In the end there was to be no denying Manchester City, no excruciating stress to endure as Brighton & Hove Albion repelled the barrage whipped up by the visitors on the south coast and no nail-biting finale as City strained for a winner while news filtered through of Liverpool’s ascendancy on distant Merseyside. What tension that existed here had been lanced after a little over an hour. Everything thereafter was a celebration of the champions’ excellence.
City know they have been challenged this year, stretched wonderfully by Liverpool’s startling progress. The mind-boggling tally of points collected by Jürgen Klopp’s side would have been enough to claim the championship in all but three of the previous 119 campaigns based on three points for a win and yet it was still not enough to overhaul Pep Guardiola’s team.
They have won 198 points across two seasons, a staggering haul. Their 95th top-flight goal of the campaign, a free-kick whipped sumptuously into the top corner by Ilkay Gündogan, summed it all up. Mat Ryan sprang to his left but could not lay a glove on it. Opponents have been trying and failing to do that with City all season.
Not for a decade has a side retained this title but the form mustered in the run-in – 14 successive wins stretching back to a defeat at Newcastle in late January – represented a blistering response to the challenge on their authority being mustered from Anfield. Times had been slightly more trying over recent weeks when Liverpool simply would not let up, with a succession of slender wins keeping the holders marginally ahead, and there would be early pangs of anxiety here against opponents liberated from their fears of relegation.
Brighton were more adventurous than normal and Glenn Murray’s header, the striker reaching Pascal Gross’s corner ahead of a flailing Ederson, had represented City’s first deficit in a Premier League match since that defeat at St James’ Park.
Perhaps uncertainty would have crept in if that advantage had held a little longer, say to the interval. Maybe City would have wilted as they chased the contest, particularly with confirmation of Sadio Mané’s goal at Anfield having rippled round the arena. In hindsight neither of those seemed remotely plausible. The worst thing Brighton could have done was to provoke them. Where the visitors had initially been laboured in their monopoly of possession, prone to over-elaboration as they ran aground on Albion’s resistance, the shock of shipping that opener shook them awake.
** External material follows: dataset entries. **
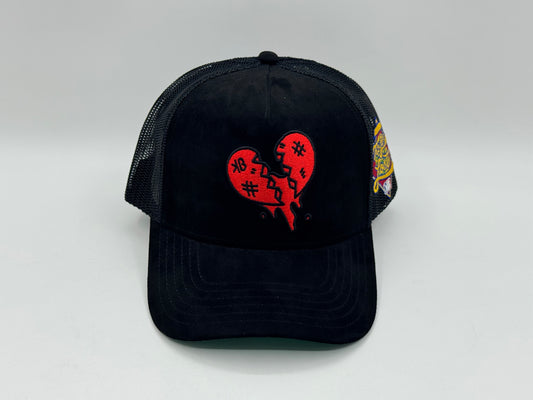 Broken Heart Trucker Cap – Black Edition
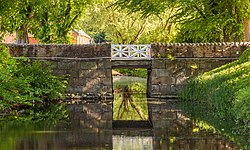 74. Platz: Matthias Süßen mit Brücke im Gut Hasselburg in Altenkrempe im Kreis Ostholstein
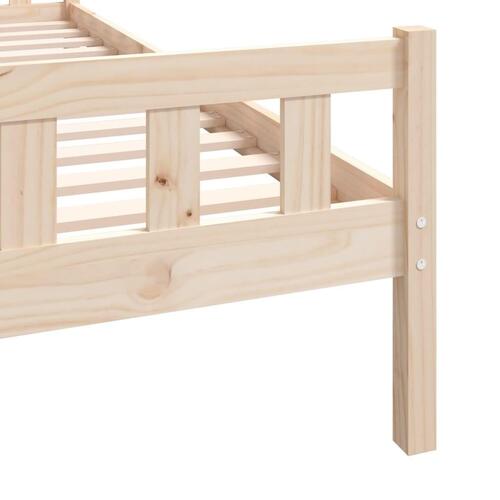 Sengeramme 75x190 cm massivt træ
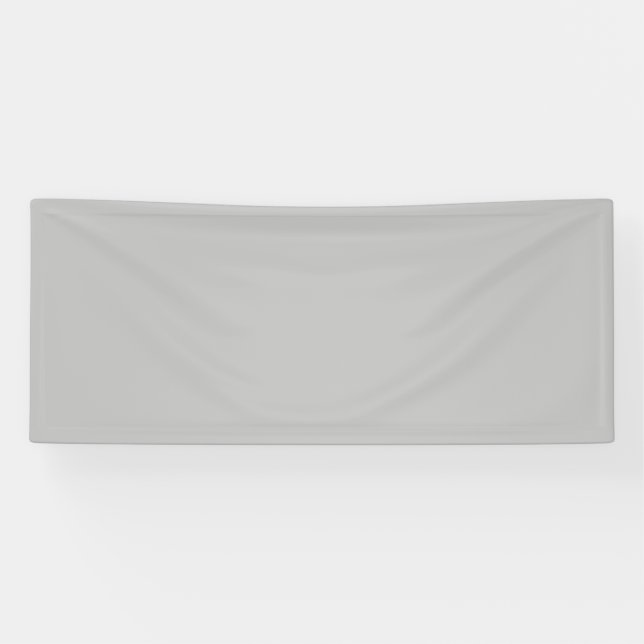 Gris clair #C1C1C1, bannière Kangaroo Vinyl (Horizontal)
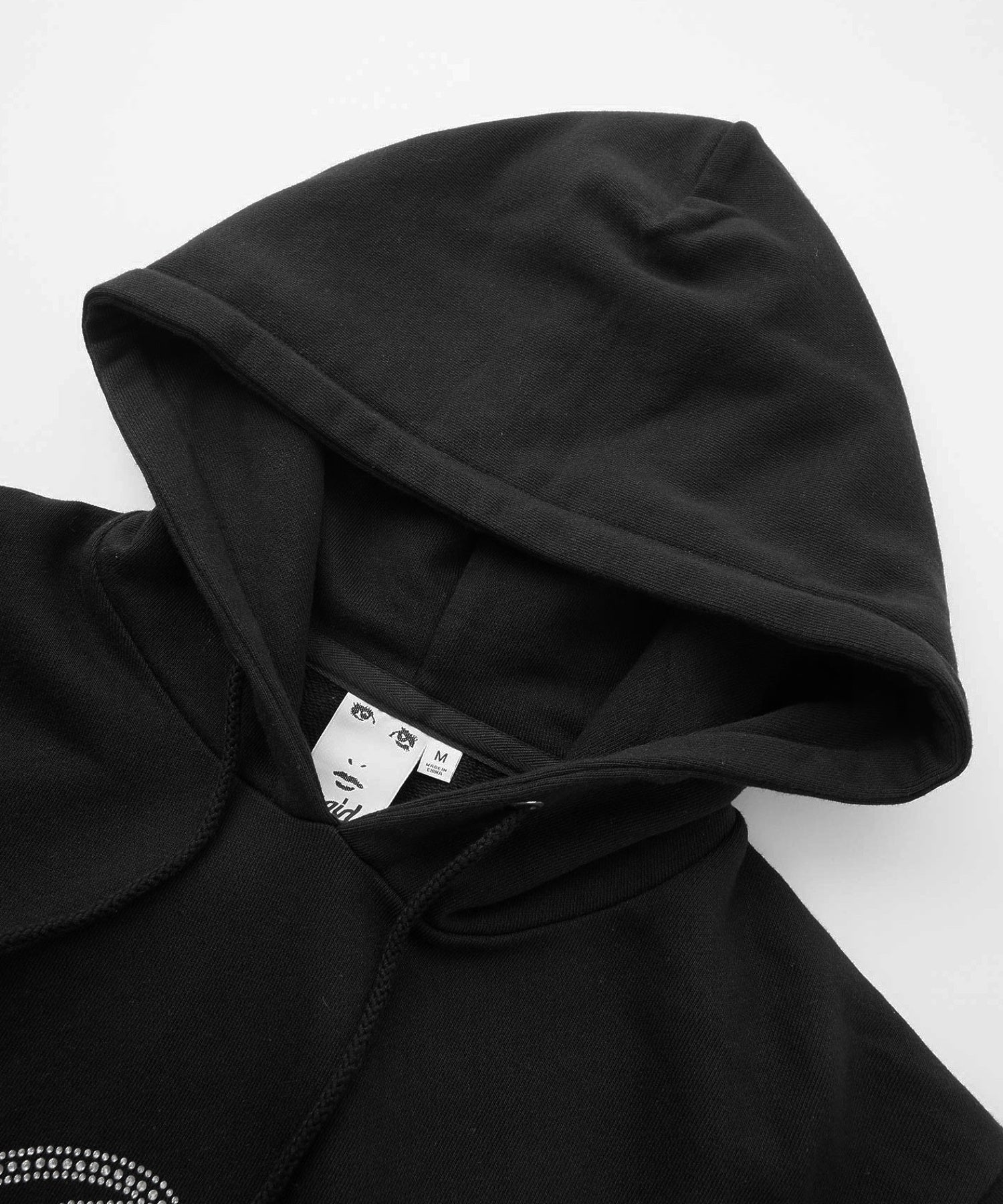 RHINESTONE CURSIVE LOGO SWEAT HOODIE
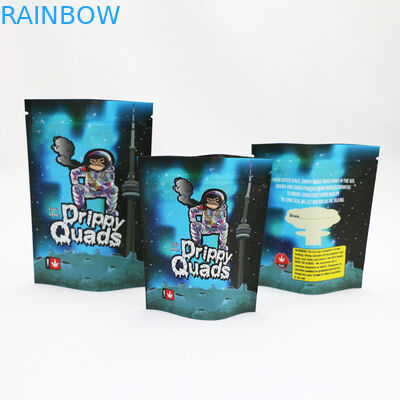 ฟอยล์ซิปกันกลิ่น CMYK Mylar ถุงบรรจุภัณฑ์วัชพืช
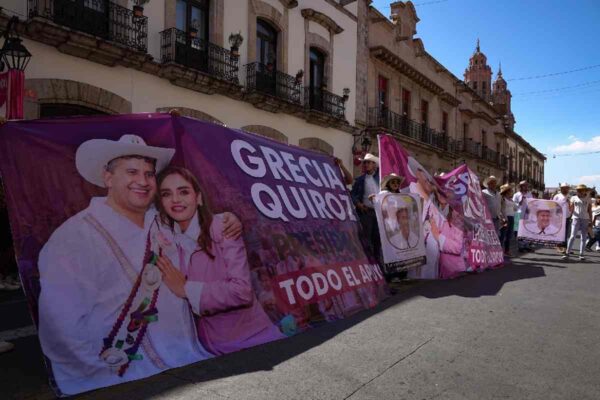 Congreso de Michoacán antes de la toma de protesta de Grecia Quiroz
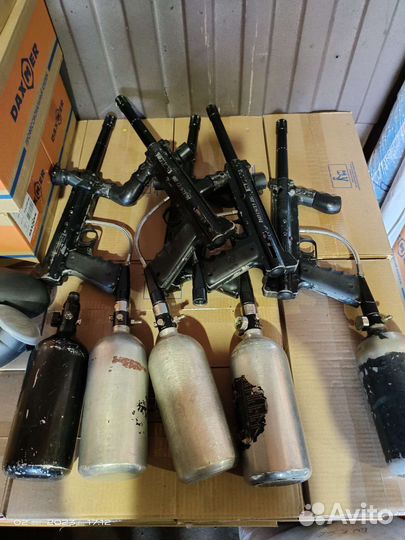 Маркер для пейнтбола tippmann 98 5 комплектов
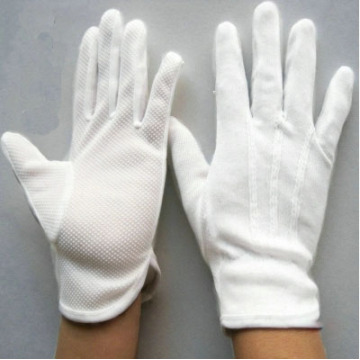 100% White Nylon Cotton Knitted Working Gloves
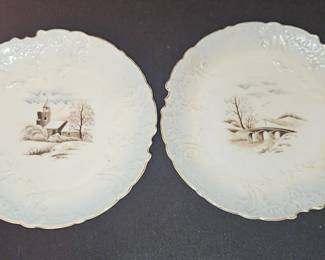 Winter Scene Plates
Suddenly there was urgency. Instantly there was incision. The hope that flared up on Merseyside was snuffed out in 83 seconds as Aymeric Laporte and David Silva, with a flick Chris Hughton described as “sublime”, sent Sergio Agüero into space within sight of goal. The striker slipped a crisp shot through the on-rushing Ryan and in an instant the champions’ momentum had been restored. “The most important thing was this team went behind but came back immediately,” said Raheem Sterling. “The manager here is all about mentality: it’s about winning no matter what. I’m just happy to be under his wing.”
There was an air of inevitability about so much that followed, with Brighton never likely to withstand the onslaught that ensued. Ryan may have done well to deny Bernardo Silva’s diving header but there was pizzazz to City’s passing again and a far more upbeat tempo to their movement. They smothered the life out of their hosts in what remained of the first half, swarming over panicked opponents.
Murray’s poor pass would present the ball to David Silva, with Ryan doing well to deny Riyad Mahrez. Unperturbed, the Algerian swung over the corner and Laporte, having evaded Murray, thumped his header down and in from the edge of the six-yard box. The Frenchman has been a pillar of strength all season. It was fitting he should draw the focus on the league season’s final day.
If there was anxiety to endure thereafter, it was mainly born of Guardiola’s pursuit of perfection. Ederson kept out Lewis Dunk’s free-kick but the City manager expected something more resounding than mere narrow success. It was only after Mahrez, on only a fourth league start this calendar year, gathered and tormented Dunk, cutting back inside to leave the centre-half crumpled on the turf, before ripping a glorious right-footed finish into the top corner via a touch off Ryan’s glove that the City manager acknowledged the race had in effect been won. He joined those on the visitors’ bench, from coaching staff to substitutes, in spilling out on to the turf, the goalscorer lost in the mess of joyous bodies. They knew there would be no coming back for either Albion or Liverpool from this.
The rest, from Gündogan’s free-kick to Vincent Kompany being granted the ovation he deserves as he departed the fray five minutes from time, was a celebration. This is the Belgian’s fourth Premier League title. “And by far the hardest and most draining,” said the captain, whose winner against Leicester last week ended up feeling like the campaign’s defining moment. “The first one was one in the last minute of the season [with Agüero’s goal back in 2012], but this was constantly knowing you had to win and perform.
“We defeated one of the all-time great teams in England, too. But, from the first meeting we had this season it’s all been about trying to get back-to-back titles, and, straight away, I knew we would achieve that.” Kompany and City have an FA Cup final to come next weekend as they attempt to secure an unprecedented domestic treble. It is hard to contemplate them being denied when they are as irresistible as this.